Where This Leaves Us
I walked away from this conversation feeling more grounded about the path forward. The platform work our industry has invested in isn't wasted — it's the foundation that makes responsible AI adoption possible. Continuous testing, version control, progressive delivery, CI/CD — all of it still matters, maybe more than ever.
But we can't ignore the human cost of this transition. Writing code was never the bottleneck, as Jennifer reminded me. Documentation might finally be getting better thanks to AI (after 15 years of developers complaining about docs while refusing to write them). But none of that matters if we lose sight of the people — the junior developers who need mentoring, the experienced engineers facing layoffs, and the broader communities affected by how we choose to deploy this technology.
Jennifer's parting thought stuck with me: we're behaving in a small-minded way about our technology adoption. We need to be more people-centric. The technical and sociotechnical solutions exist. The question is whether we have the will to use them.

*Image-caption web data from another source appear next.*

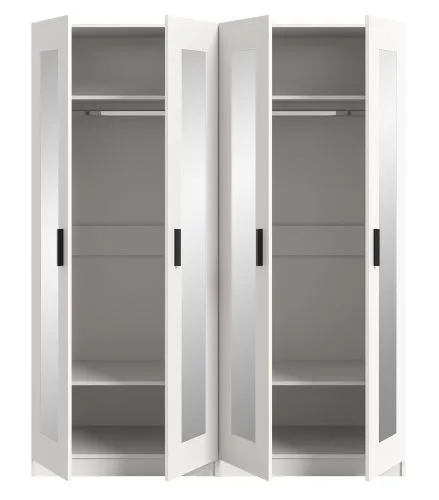 Garderobenschrank Kleiderschrank Visby | 2-teilig mit Spiegel | weiß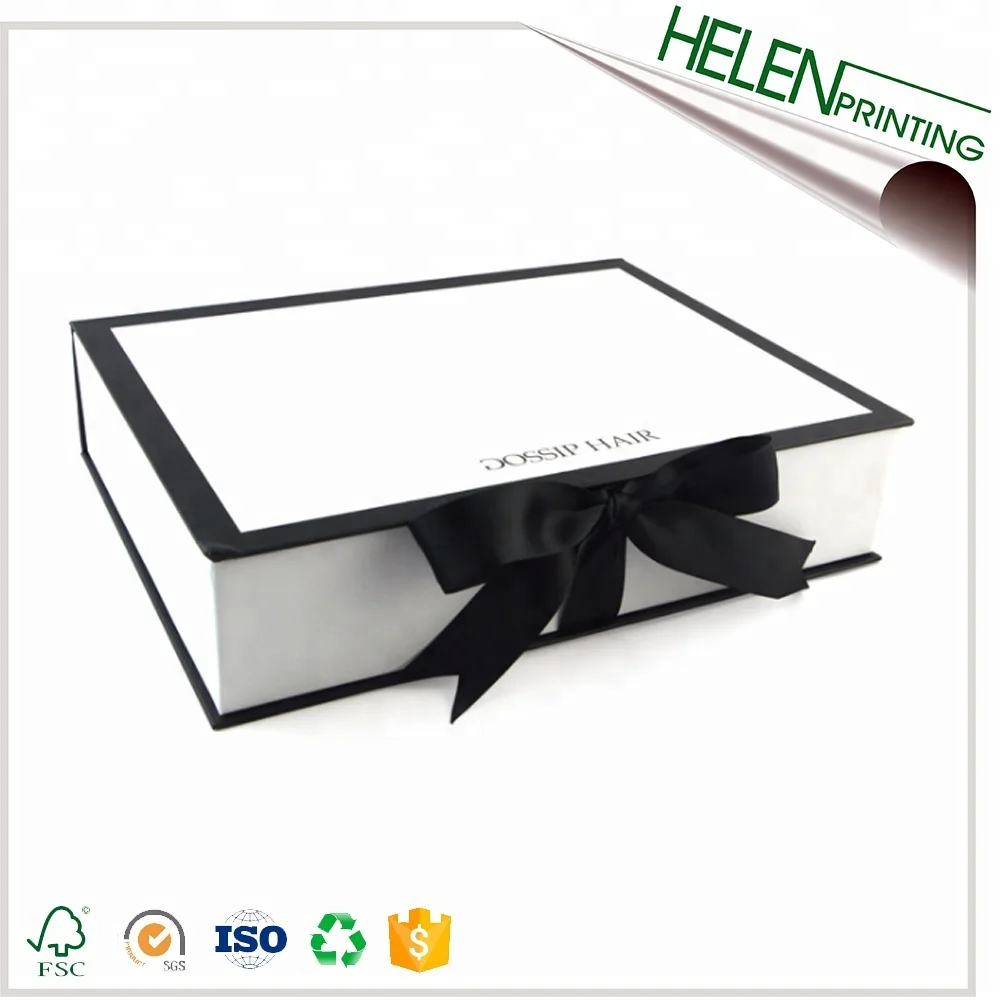 Luxury Custom Logo Recycled Cardboard Packaging Magnetic Box White Ribbon Closure White Flat Foldable Paper Gift Boxes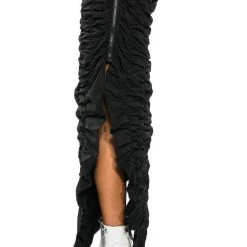 ENCORE SCRUNCHED SLIT MAXI SKIRT -helmut shop encore scrunched slit maxi skirt black 7 7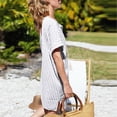 thumbnail image 4 of Vestido de manga corta con botones y bolsillos sueltos para vacaciones en la playa a rayas para mujer Fridja  qw4907, 4 of 8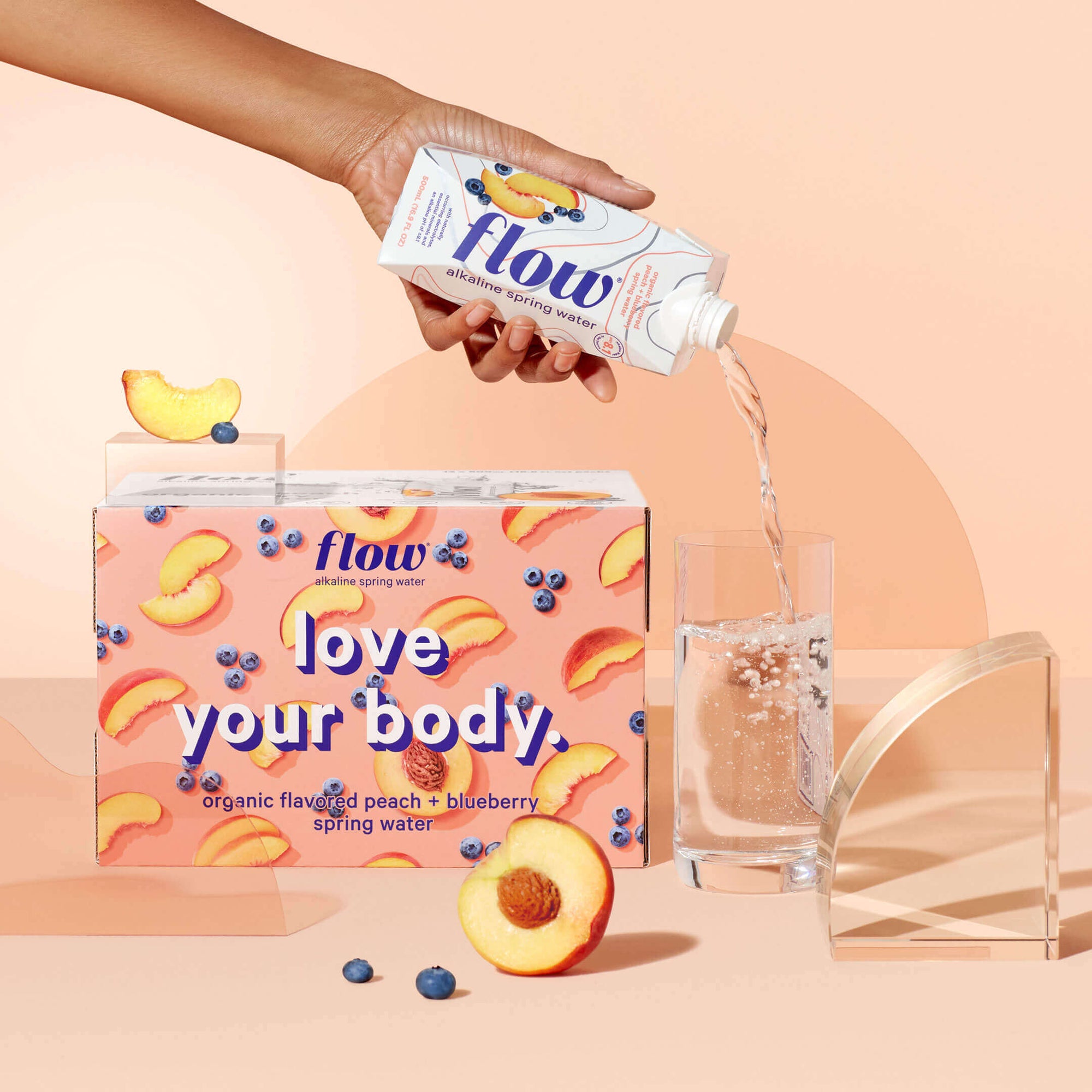 12 pack of 500ml - Peach + Blueberry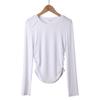 Ribbed Waist-Cinch Slim-Fit Round Neck Long-Sleeve Top for Women - Autumn/Winter Collection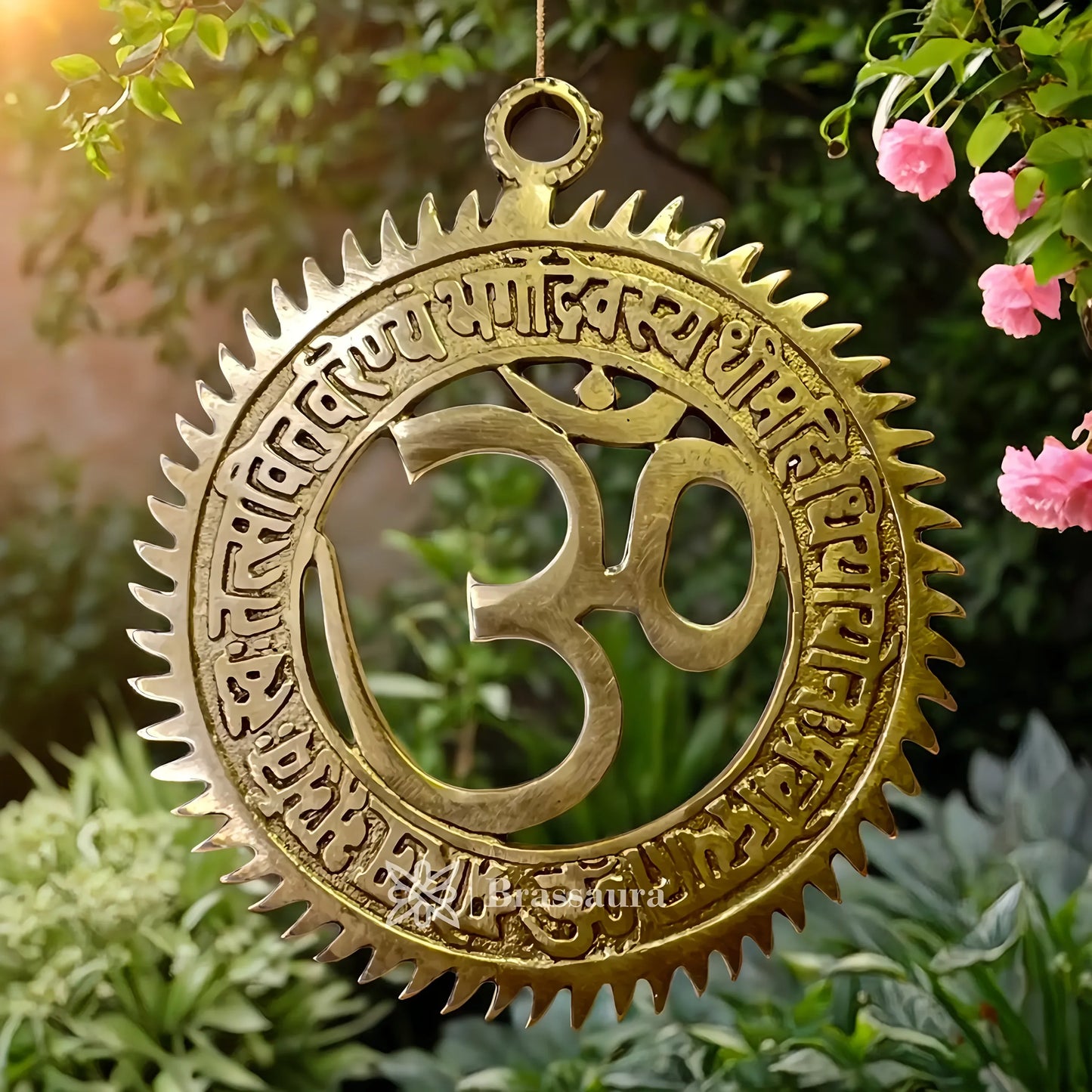 Brassaura™ Brass Om Wall Hanging – Height 6 Inches & Weight 300 Grams | Spiritual Home Décor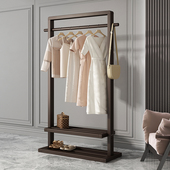 衣帽架实木衣架落地卧室晾衣架家用挂衣架房间简易放衣服架子移动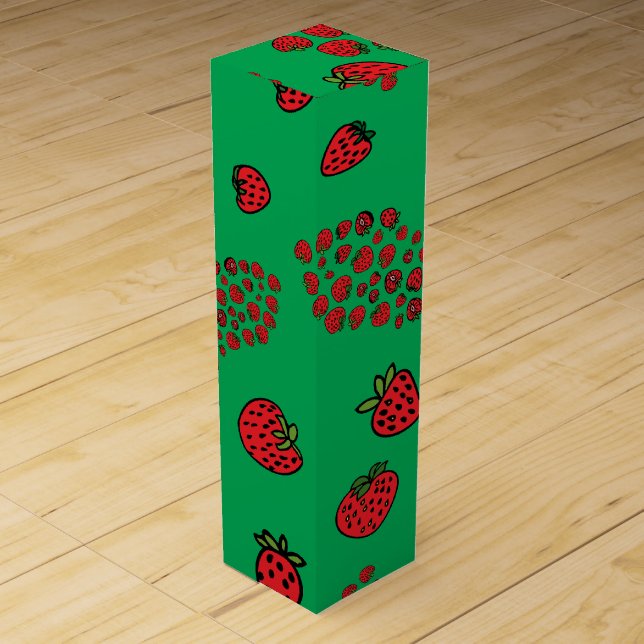 strawberry flowers on green wine box (Front)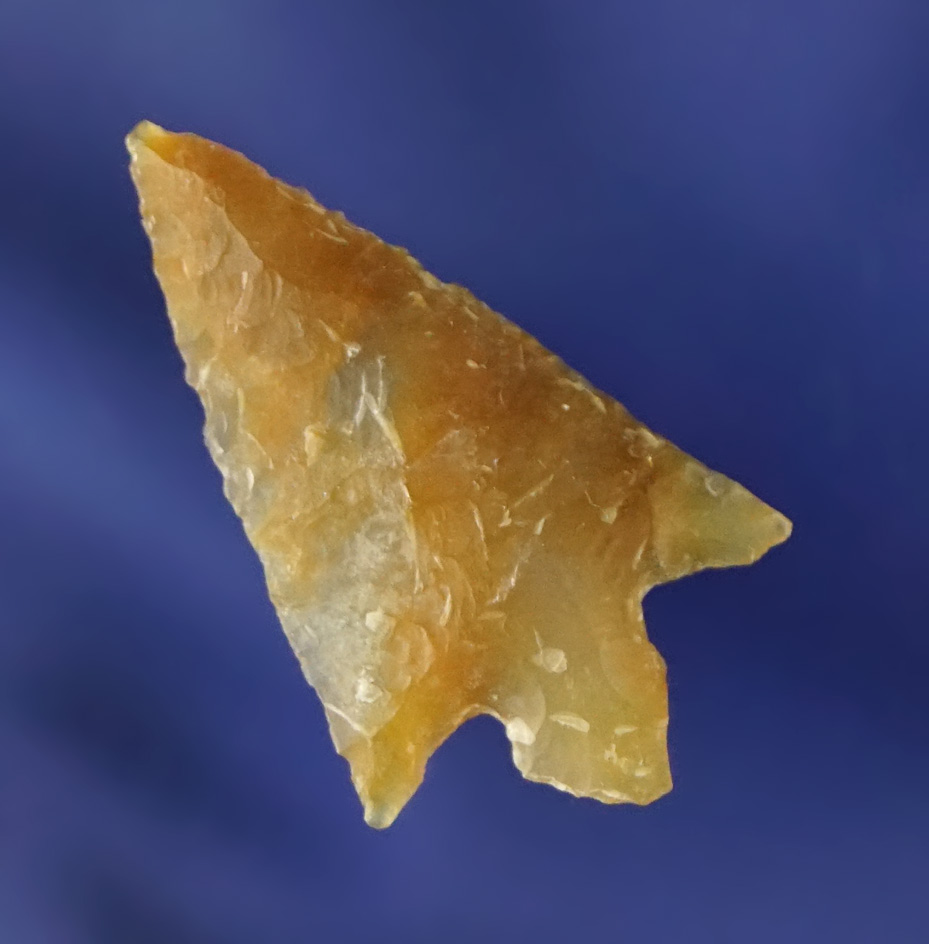 Very thin 1" Gempoint made from a flake of yellow Agate that is semi-translucent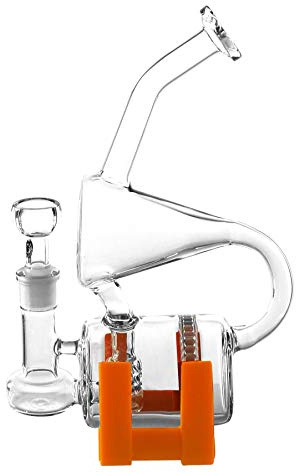 Heisenberg Uhrwerk 2.0 mit Silikonfuß Glasbong Wasserpfeife Bubbler (NS 14) mit Honeycomb-Perkolatorsystem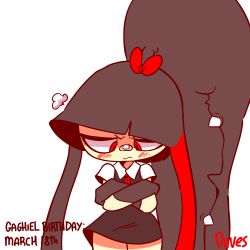 1girl animated animated_gif annoyed arms_behind_back arms_up artist_name birthday black_dress black_hair blush bow breasts cowboy_shot creatures_(company) crossed_arms dated diives dress english_text extra_mouth fangs female_focus game_freak gen_3_pokemon hair_bow hair_ornament half-closed_eyes happy_birthday heart looking_at_viewer looking_away mawile neckerchief nintendo no_humans open_mouth pokemon pokemon_(creature) red_bow red_eyes red_neckerchief school_uniform sharp_teeth shirt short_sleeves shy signature sleeveless sleeveless_dress small_breasts solo standing talking teeth text_focus tsundere white_shirt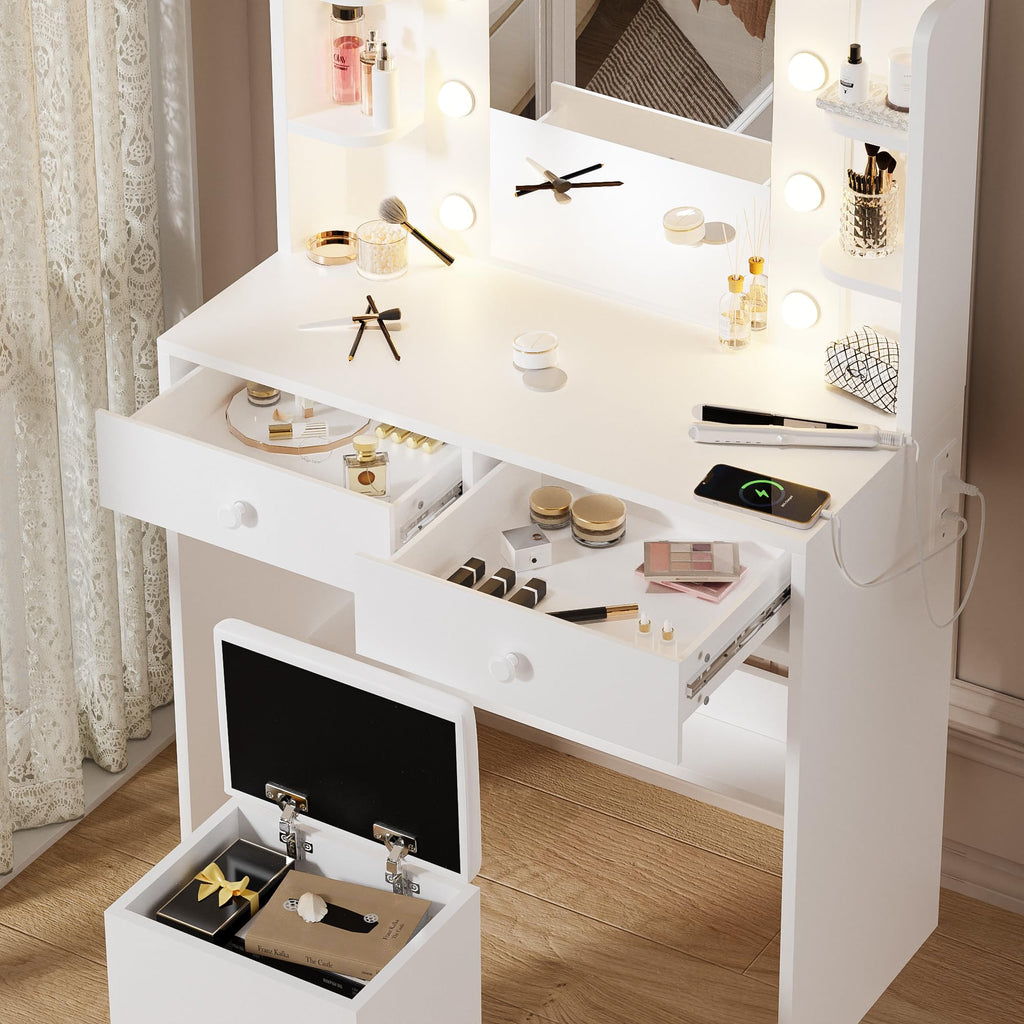 White Makeup Vanity Desk with Lighted Mirror and Chair Set N76839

Want to dig deeper? Check out Jennifer Riggins' writing at The New Stack, and look for her free ebook on AI for the enterprise. And if you're working in enterprise APIs and integration, I'd love to hear from you — I'm currently profiling around 250 companies through my Naftiko Signals research, tracking their public signals around technology investment. Reach out on LinkedIn, Bluesky, or at kin.lane@naftiko.io.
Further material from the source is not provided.